I'd had a taste of the thrills of reporting at the Chicago Democratic Convention riot my previous year, and I left a graduate fellowship at Yale with no plan except to see more of life than faculty sherry-parties had to offer.

And then my New York City luck really changed.

Maybe the way you fall in love with the city has something to do with the imprint of the first time you fall in love in the city.

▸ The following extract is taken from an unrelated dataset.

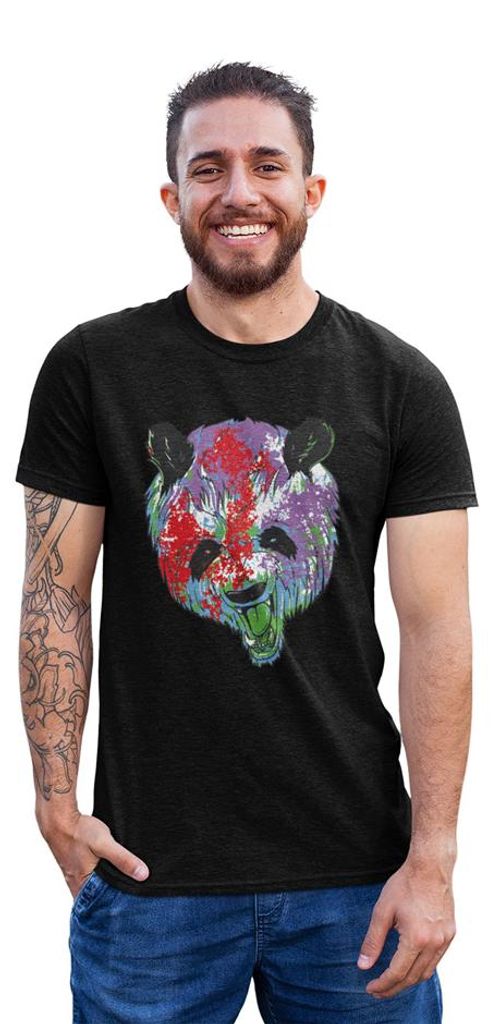 D&B Uni Polo ST00036 Panda Schwarz-Größe 5XL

The first time I fell in love in the city … it's a long story that has to do with the Episcopal Theological Seminary, a classified ad in the Voice (not that kind), the rivalry between the Merce Cunningham and Alwin Nikolais dance companies, dancers in general, leg-warmers in particular, an apartment in Crown Heights, Jamaican beef patties, dancing with the Torah and an epic struggle with a mouse.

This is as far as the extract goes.